For the second year in a row, Illinois school boards voted against a proposed resolution that would force the Illinois Association of School Boards (IASB) to support legislation allowing educational districts to decide for themselves whether to allow teachers to be trained and armed at school.
This year’s vote, which took place on Nov. 23 at the IASB annual meeting, was 198 in favor of adopting the resolution and 249 against. Had it passed, the IASB would actively work to support legislation that would allow local school districts to choose for themselves whether they want to arm teachers. It would not mandate that they have to do so.
According to a press release from the IASB, “The intent of the proposed resolution was to give local school districts the authority to decide what is best for their communities in the areas of school safety and student protection. The resolution was supported primarily by rural school districts with concerns about emergency response time and lack of financial resources to employ school resource officers.”
Local school districts, including District 91 (Forest Park), District 97 (Oak Park) and District 90 (River Forest) all sent delegates to the IASB meeting on Nov. 23 to vote against the resolution.
Kyra Tyler, D91 board president, verified that board member Kim Rostello, the district’s delegate at the meeting, voted against the resolution.

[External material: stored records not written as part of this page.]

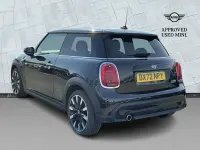 Begagnad Mini Cooper Exclusive 134 HK (98 kW) 2022 Svart Halvkombi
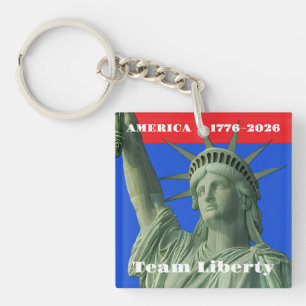 Torche en haut ! Emblème de la liberté • 1776–2026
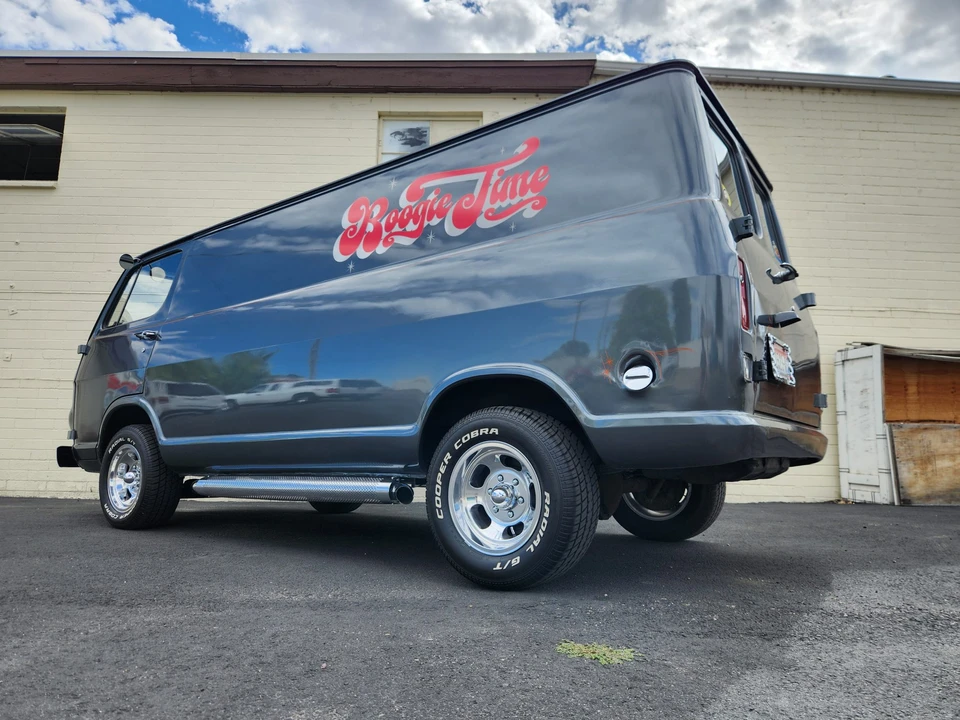 1967 GMC G-series Van - Image 23 of 31
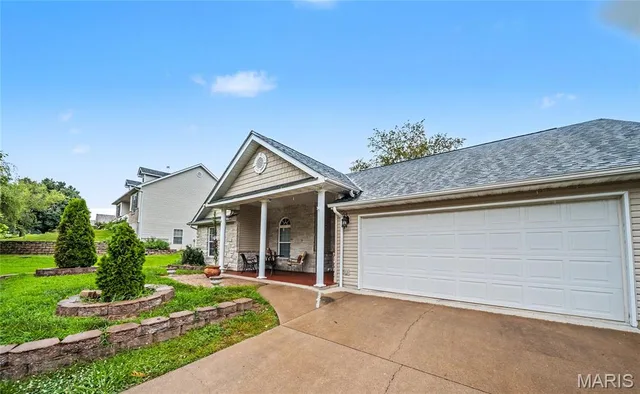 Front exterior — 10180 Summerfield Drive Rolla Missouri real estate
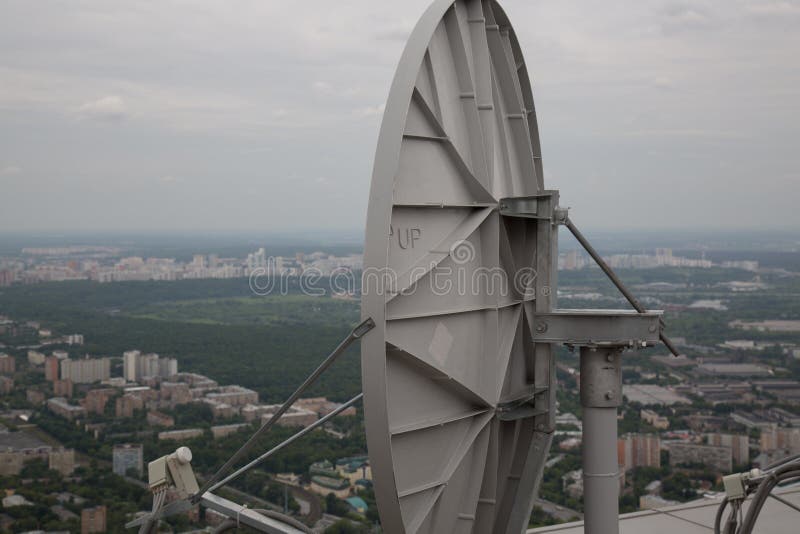 Antenna parabolica che sviluppa il grande fondo della città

“We are saddened that this is something that people think is a viable solution because we would never want to put that responsibility on our teachers,” said Tyler. “They have enough to contend with as educational professionals, and we don’t see this as an appropriate use of their talents. We are thrilled it didn’t pass and hope it will be defeated should it come up again.”
At an October board of education meeting, River Forest D90 board Vice President Barb Hickey said she would be serving as delegate this year as she did in 2018 when the topic was previously voted on.
With the board’s approval, she voted against the resolution in 2018 and planned to again in 2019, but she said the discussion at the IASB meeting on the topic was “valuable and interesting.” Hickey stated that most of the school districts supporting the resolution in 2018 were from rural communities where 911 response time could be up to half an hour.
“They have different concerns,” she said. But she expressed in no uncertain terms how River Forest school board members stand on the issue. “Our district does not want guns in our schools,” said Hickey.
A related resolution was passed at the IASB meeting on Nov. 23. This resolution calls for the IASB to support legislation that would provide state school safety grants for hiring school resource officers or security personnel.